He served as an adviser to the government of British Columbia during the constitution patriation negotiations of the 1970s and 1980s.

=== Personal life ===
Cairns married Patricia Grady and had three daughters. From 2000 until his death, he lived with his partner Anne Innis Dagg in Waterloo. Dagg was a zoologist renowned for her work on giraffes, and the daughter of economic historian Harold Innis and historian Mary Quayle. Cairns was a member of the Royal Society of Canada.

=== Death ===
Cairns died 27 August 2018 in Waterloo, Ontario.

== Scholarship and legacy ==
Cairns' scholarship has explored a multitude of issues within Canadian political science, sparking decades of debate and refinement of his ideas. In reference to Cairn's intellectual legacy, Gerald Kernerman and Philip Resnick state: "On a remarkably wide range of topics – from the regional impact of Canada's electoral system, the role of the Judicial Committee of the Privy Council, and the development of Canadian federalism to the ongoing efforts to constitutionally reshape the federation and the effects on minorities of the Charter of Rights and Freedoms – Cairns has initiated and shaped many of our most pivotal debates."

Following the Hawthorn Report, Cairns invented the phrase "Citizens plus" to refer to Indigenous Canadians' role in Canadian federalism, referring to a complex vision of Indigenous integration into the Canadian political structure that accommodates different sets of rights based on relevant historical, socioeconomic, and cultural differences, in opposition to the White Paper's assimilationist stance. His approach to Indigenous federalism has been criticized by authors writing for the Review of Constitutional Studies for misrepresenting Indigenous nationalism, subjugating Indigenous differences under broad constitutional one-ness, and framing Indigenous rights movement as supplicants.

In the Canadian political science debate of whether Canada was initially intended to be centralized or decentralized, Cairns said in 1971 that "the pursuit of the real meaning of the [Constitution Act, 1867] is [...] a meaningless game, incapable of a decisive outcome." He was among the first authors who argued that the Canadian electoral system exacerbates regional cleavages by awarding parties that concentrate regionally rather than at a national scale.

Cairns' most famous piece of writing on Canadian politics is likely his 1971 article "The Judicial Committee of the Privy Council and its Critics" which discusses judicial activism in Canada. It is often listed as one of the most-cited academic works concerned with the Canadian political system.

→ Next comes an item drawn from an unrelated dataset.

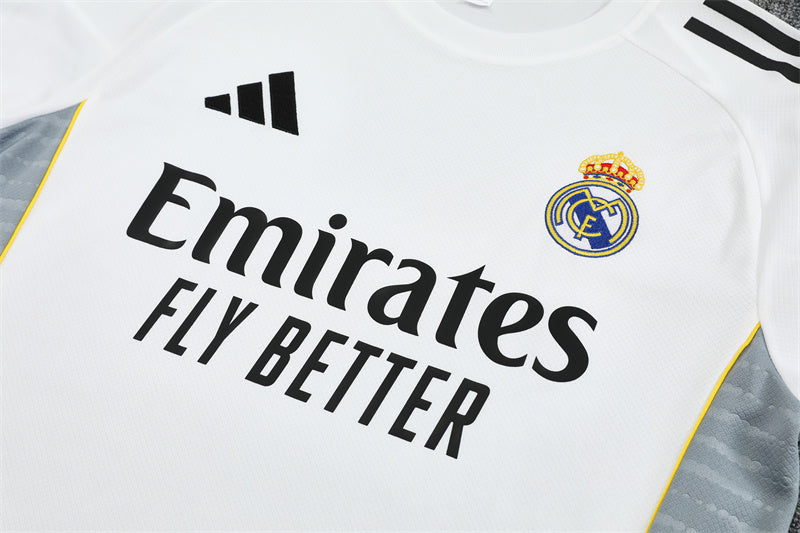 Real Madrid Training Tracksuits 25/26 Football Kit Soccer Jersey
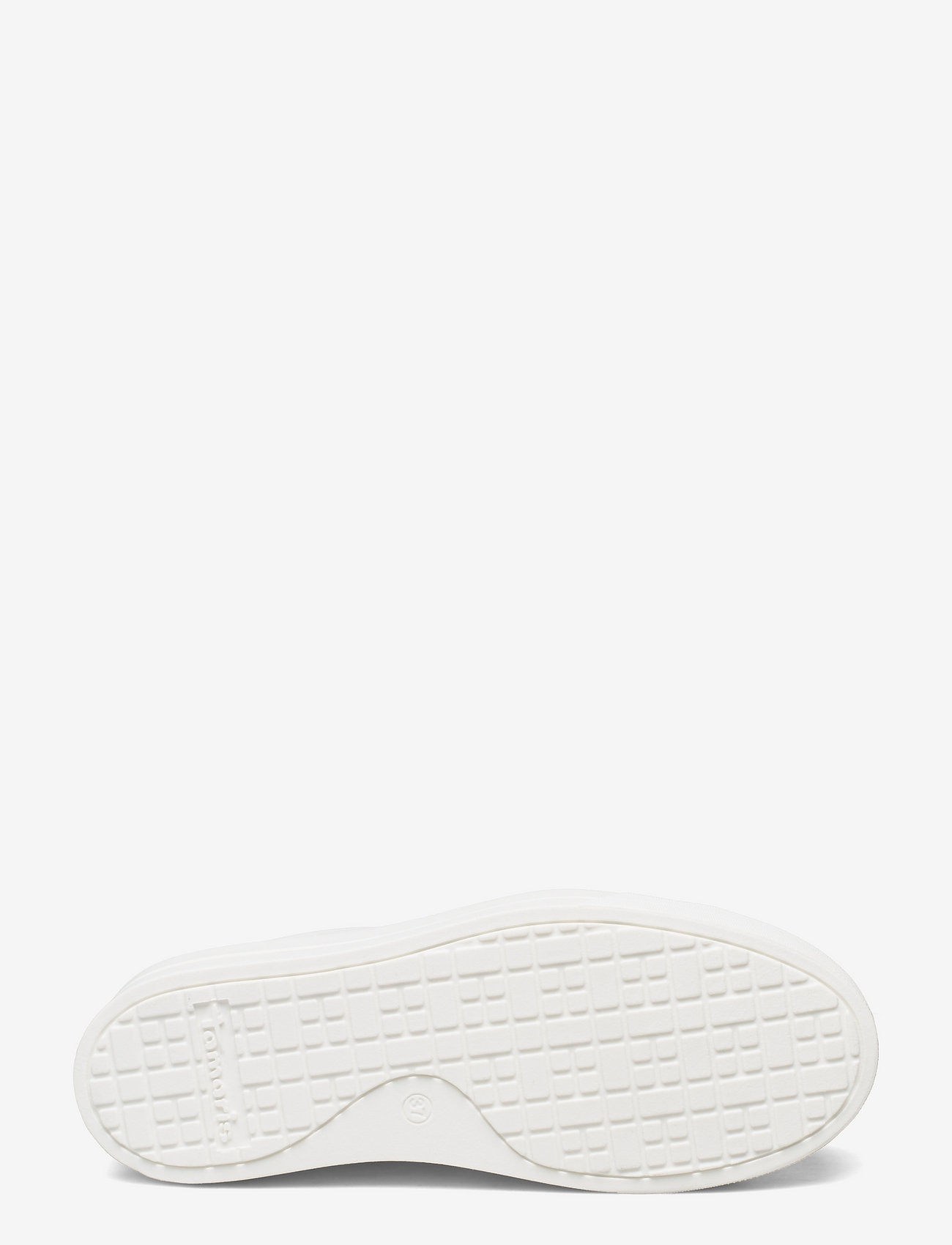 Tamaris - Woms Lace-up - white leather - 4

Publications by Cairns continue to be among the most read in Canadian political science. His "The Electoral System and the Party System in Canada: 1921–1965" is the most used individual political science text across Canadian political science university departments, and three more works appear in the top ten most used.

==Honours and awards==

- 1982: Molson Prize for his outstanding contributions to Canadian social science. Given by Andre Fortier.
- 1988: Officer of the Order of Canada for his influence in shaping modern Canadian politics.
- 2003: City of Cambridge Hall of Fame.

He has received honorary degrees from Carleton University (1994), The University of Toronto (1996), The University of British Columbia (1998) and the University of Saskatchewan (2002).